Some stood and some did not

The protests were not universal. Neither the Houston Texans nor the Dallas Cowboys participated. The Pittsburgh Steelers hid in their locker room in an attempt to avoid the controversy altogether. The team just brought more ire upon itself when Army veteran Alejandro Villanueva defied his coach and walked out to the field anyway and stood, with his hand over his heart, when the National Anthem was played. Social media and cable television were both on fire with people arguing about the issue, often very heatedly. The controversy continued on talk radio the next day.

The most futile and aggravating protests in a long time

Whatever the kneeling players thought they were doing, they were sending a far different, darker message to the world, according to Michael Brendon Dougherty at the National Review.

The players may think they were protesting inequality, racism, or Trump, or were kneeing in solidarity with their teammates. Millions of people, however, perceived the protests as being against the American flag, against the United States, and even against them personally for voting for Trump or being patriots. The catastrophe for the NFL and for Americans who feel increasingly divided was complete.

Who is to blame?

On one side, a group of entitlement addled millionaires who think they have the right to hijack professional sports games for their private political piques is to blame. So is the NFL, which has been somewhat picky about what speech it tolerates and what it comes down on.
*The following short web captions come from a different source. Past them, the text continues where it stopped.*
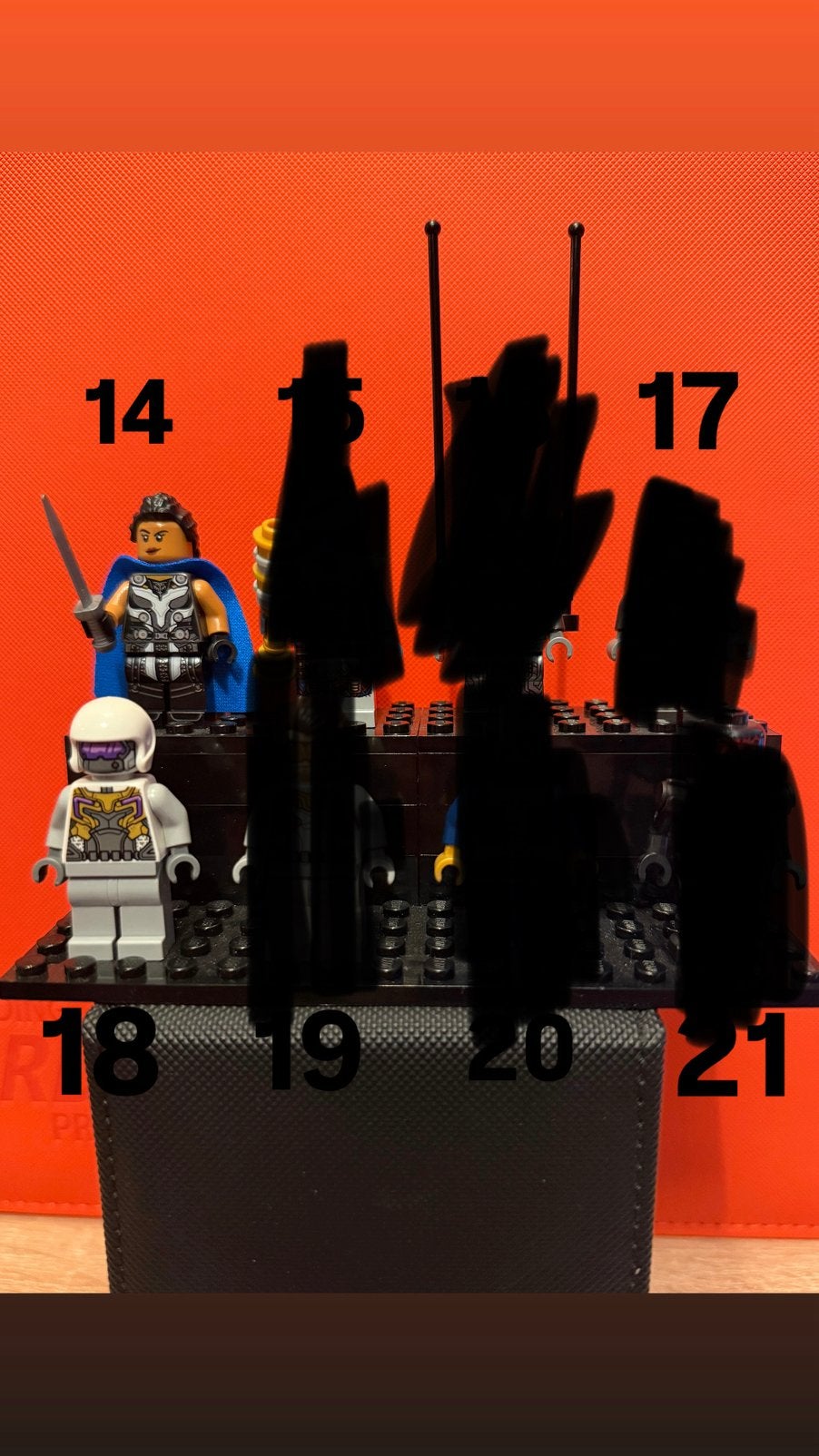 Foto 3 van Lego Marvel Minifiguren - Lees Beschrijving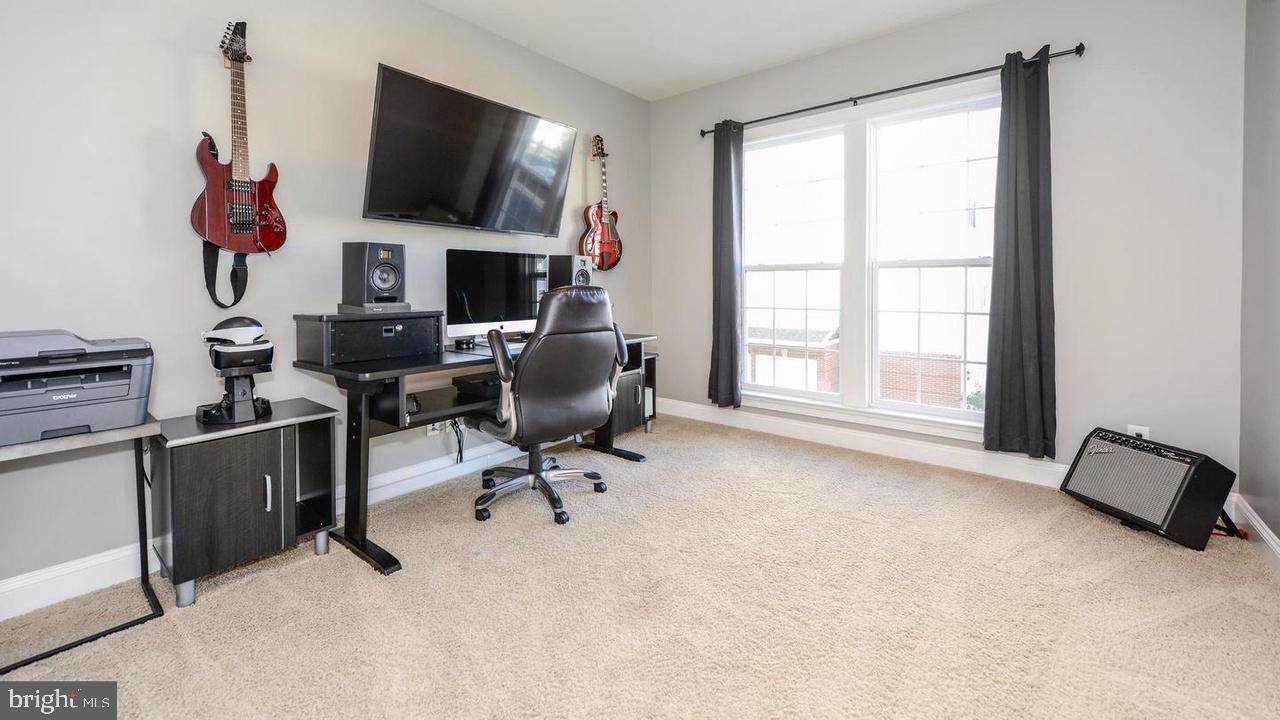 42823 BURRELL SQ, ASHBURN, Virginia 20147, 3 Bedrooms Bedrooms, ,2 BathroomsBathrooms,Residential,For sale,42823 BURRELL SQ,VALO2101790 MLS # VALO2101790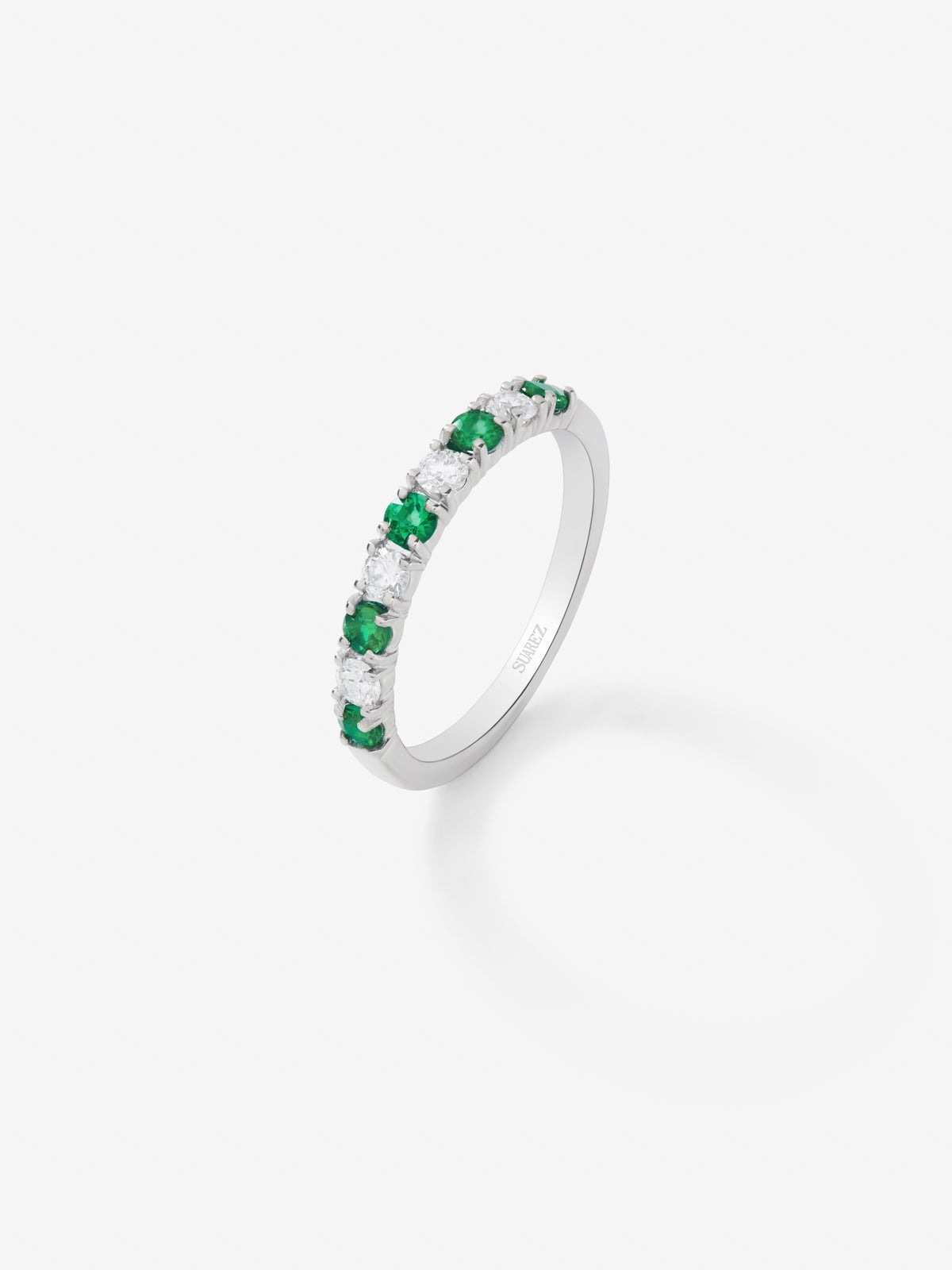 Anillo media alianza de oro de 18K con esmeralda y diamante
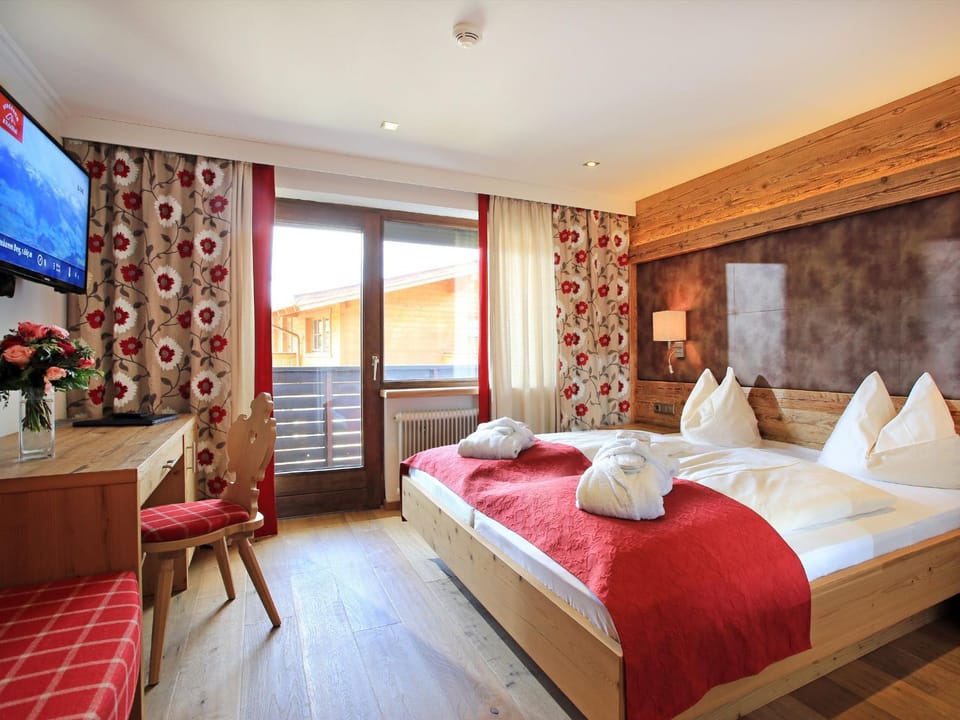 Bed, TV and multimedia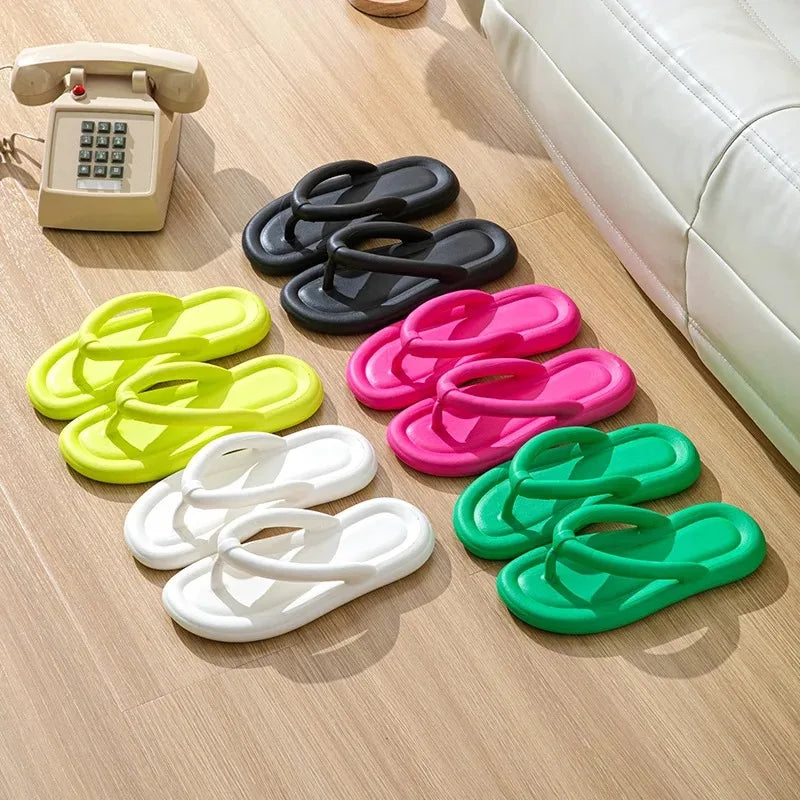 Soft Sole EVA Women's Flip Flops 2024 Summer Beach Non-slip Cloud Slippers Women Thick Platform Clip Toe Bathroom Slides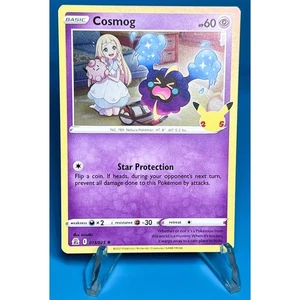 Cosmog 013/025 Celebraciones Holo Raro Pokemon Casi Nuevo-Como Nuevo ENVÍO GRATUITO - Imagen 1 de 2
Last year the League threatened to fine players who wanted to wear specially designed footwear honoring 9/11 first responders.

The notion that the NFL has been taken over by social justice warriors was inescapable.

The president of the United States does not escape blame either. To be sure, the players knelt right into the trap he set. They might have refused to concede the flag and the National Anthem to Trump, but they did not. However, the president might have used the occasion to try to unify the country. Instead, to turn on its head, the slogan employed by President George W. Bush, he chooses to be a divider, not a uniter, mores the pity.